The Shanghai Composite Index (SHCOMP) slumped 2.6 percent at the close, reversing an earlier 0.8 percent gain. A relaxation of curbs on the property market would lead to “chaos,” Wen said at a press conference in Beijing today. A gauge tracking property stocks sank 3.7 percent, led by Poly Real Estate Group Co., while Anhui Conch Cement Co. paced losses by building- material companies.
“Wen’s speech has raised concern that property curbs may be kept in place for longer than previously expected,” said Zhang Ling, general manager at Shanghai River Fund Management Co. “Property accounts for a significant part of the economy.”
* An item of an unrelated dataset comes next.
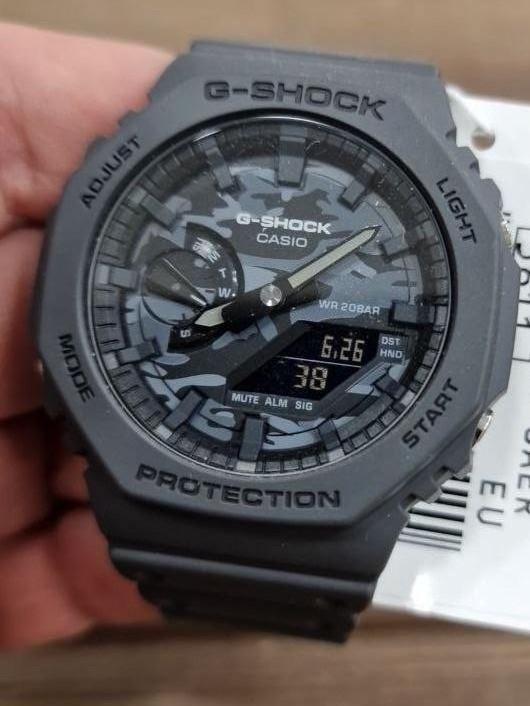 Наручний годинник чоловічий Casio G-Shock GA-2100CA-8A ударостійкий з карбоновим корпусом/водозахистом 200 м/підсвіткою та комбінованим циферблатом Наручний годинник чоловічий Casio G-Shock GA-2100CA-8A ударостійкий з карбоновим корпусом/водозахистом 200 м/підсвіткою та комбінованим циферблатом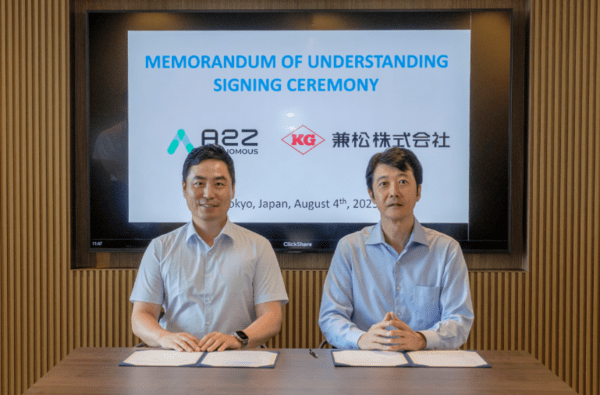 ▲한지형 오토노머스에이투지 대표(왼쪽)와 오카모토 코이치로 가네마쯔 차량/차량탑재 부품 제1부 부장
The Shanghai Composite had rallied 12 percent in 2012 through yesterday following two years of losses on speculation the central bank would add to a Feb. 18 cut in lenders’ reserve requirements to bolster economic growth. The government’s two- year effort to control the property market helped spur a 26 percent drop in home sales in the first two months of the year.
The Shanghai stock gauge closed 64.57 points lower at 2,391.23, the biggest loss since Nov. 30. The CSI 300 Index (SHSZ300) retreated 2.8 percent to 2,605.11. The Bloomberg China-US 55 Index, the measure of the most-traded U.S.-listed Chinese companies, added 2.1 percent in New York yesterday.
Stocks in the Shanghai index trade at 9.9 times estimated profit, compared with a record low of 8.9 times on Jan. 6, weekly data compiled by Bloomberg showed.
“We must not slacken our efforts in regulating the housing sector,” Wen said, according to an English translation. A bursting property bubble would hurt the entire economy, and the government wants “long-term steady and sound growth” in housing, he said.
The Shanghai Stock Exchange Property Index retreated the most since Sept. 22. Poly Real Estate, China’s second-largest developer by market value, dropped 3 percent to 11 yuan. China Vanke Co., the biggest, lost 2.7 percent to 8.20 yuan. Gemdale Corp. (600383), the fourth largest, slumped 5.9 percent to 5.88 yuan.
“As long as policies remain restrictive, it is difficult for property stocks to continue to perform well,” Timothy Moe, a Hong Kong-based strategist at Goldman Sachs Group Inc., said at a conference in Singapore today.
Building-material makers retreated as falling property sales may curb demand for cement. Anhui Conch, China’s biggest cement maker, slid 3.3 percent to 16.72 yuan. Huaxin Cement Co., the Chinese affiliate of Holcim Ltd., plunged 6.2 percent to 15.25 yuan.
Wen’s comments came after data last week showed China’s factory output in the first two months rose the least since 2009, while retail sales increased less than economists predicted and inflation eased to the slowest pace in 20 months. The government also lowered its 2012 economic growth target to 7.5 percent on March 5 from 8 percent over the past seven years.
“Wen’s speech gave no indication of further stimulus or policy easing such as a cut in reserve ratios which disappointed investors,” River Fund’s Zhang said. “Investors are taking profit.”
A measure of consumer discretionary stocks in the CSI 300 slid 3.9 percent, paring its gain this year to 13 percent. Pang Da Automobile Trade Co., China’s biggest listed auto dealer, tumbled 9.6 percent to 9.28 yuan. SAIC Motor Corp., the nation’s largest carmaker, lost 3.8 percent to 15.22 yuan.
In a sign that the government may be taking more steps to support growth, China is easing restrictions on lending capacity at three of the nation’s four biggest banks, officials at the lenders with knowledge of the matter said.
China’s economic stimulus since 2008 has failed to spur lasting gains in equity valuations even after gross domestic product rose more than 30 times faster than the world’s biggest economies.
The price-to-book ratio of the Hang Seng China Enterprises Index (HSCEI) has declined 21 percent since the collapse of Lehman Brothers Holdings Inc. in September 2008, reversing an increase of as much as 26 percent in 2009. The drop in China is the biggest among equity indexes in the four largest economies, according to data compiled by Bloomberg.
Wen also said that the yuan may be near an equilibrium value and that policy makers will allow greater movement in the exchange rate. The currency is down 0.6 percent this year against the dollar after gaining 4.7 percent in 2011.